The publication of Sinéad Gleeson’s The Long Gaze Back in 2015 was an especially welcome and significant cultural moment, making readily available a compelling compendium of stories by Irish women writers from Maria Edgeworth to Eimear Ryan. Its selection now as the 2018 Dublin: One City, One Book offers an opportunity to ‘look back’ briefly on the long significance of anthologies in Irish literary history.

The term ‘anthology’ has multiple origins, including the Greek anthos meaning ‘flower’ and legein ‘to gather’. It became more current as a literary genre in the 19th century, replacing terms such as ‘cabinet’, ‘casket’ or ‘treasury’. Palgrave’s Golden Treasury of Songs and Lyrics is the most famous of poetry anthologies: first published in 1861 at a price of four shillings and sixpence, it was novel not just in content but also in its portable form, easy to carry by its increasingly mobile owners. Notably, its first editor Francis Turner Palgrave excluded works by authors then still alive, a strategy that might be envied by later anthologists faced with especially difficult and often highly contentious choices as to what living writers to include.

One of the pleasures of the anthology is that it offers us the chance to combine intensive and extensive reading, to travel easily over a diverse range of writings, some familiar and many not familiar, and to linger over favourite selections. And one of the hopes of any anthologist is that readers will be inspired to seek out more writings by the authors whom they have encountered.
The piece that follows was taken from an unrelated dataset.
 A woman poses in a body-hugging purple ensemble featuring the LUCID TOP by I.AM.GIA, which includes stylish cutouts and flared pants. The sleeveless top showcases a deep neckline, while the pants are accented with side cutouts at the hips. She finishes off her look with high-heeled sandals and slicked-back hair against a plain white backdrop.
Here the anthology anticipates, and perhaps resolves, one of the cultural debates of our own time between proponents of ‘distant reading’ and of ‘close reading’, ie between those who argue that the much greater availability of texts in our digital age now demands a different kind of reading (both in quantity and quality) and those who stoutly defend the value of in-depth reading, albeit of a much more narrow range.
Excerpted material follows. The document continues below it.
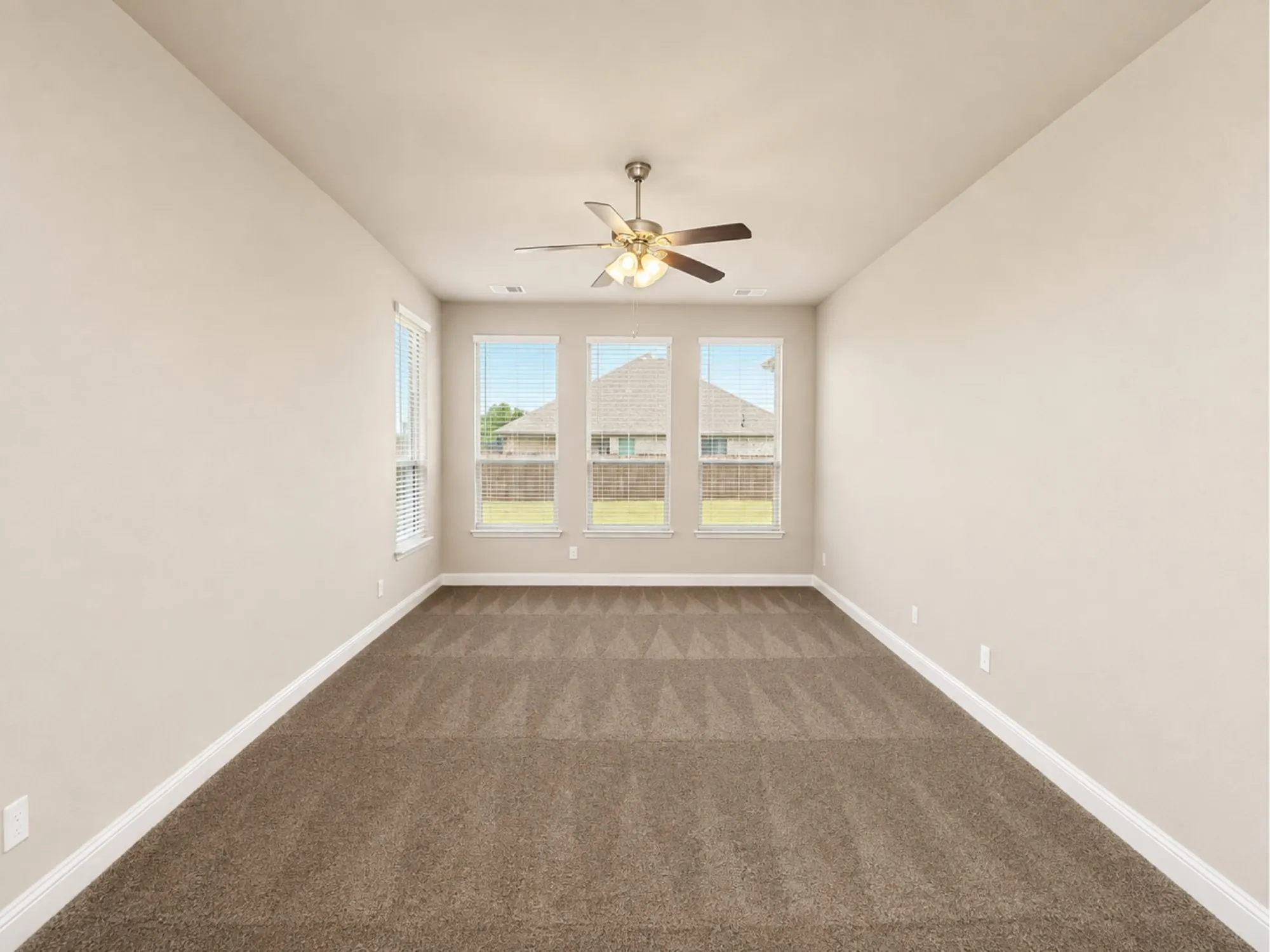 Spacious room featuring vaulted ceilings, a ceiling fan with integrated lighting, and three tall windows with blinds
In Irish literary history, from the 19th-century Spirit of the Nation to school texts such as Soundings, anthologies have shaped generations of readers. In May 1843 publisher James Duffy published the first part of The Spirit of the Nation, drawn from works previously printed in the Nation newspaper, and sold it in a paper cover for sixpence. (At that time a farm labourer might make between eight and tenpence a day; a woman employed in spinning might earn sixpence for her day’s work, equaling the price of the anthology.) With respect to their contents, some anthologies of Irish literature have been famously controversial and divisive, prompting fierce debates concerning who’s in and who’s out. Comments by American critic Leah Price are a useful reminder of what’s at stake here: ‘anthologies’, she observes, ‘are more than a referendum. They determine not simply who gets published or what gets read, but who reads, and how.’ The last part of this statement might seem an exaggeration, before we remember how much Soundings or Lifelines or Exploring English or Poetry Now meant to their teenage readers.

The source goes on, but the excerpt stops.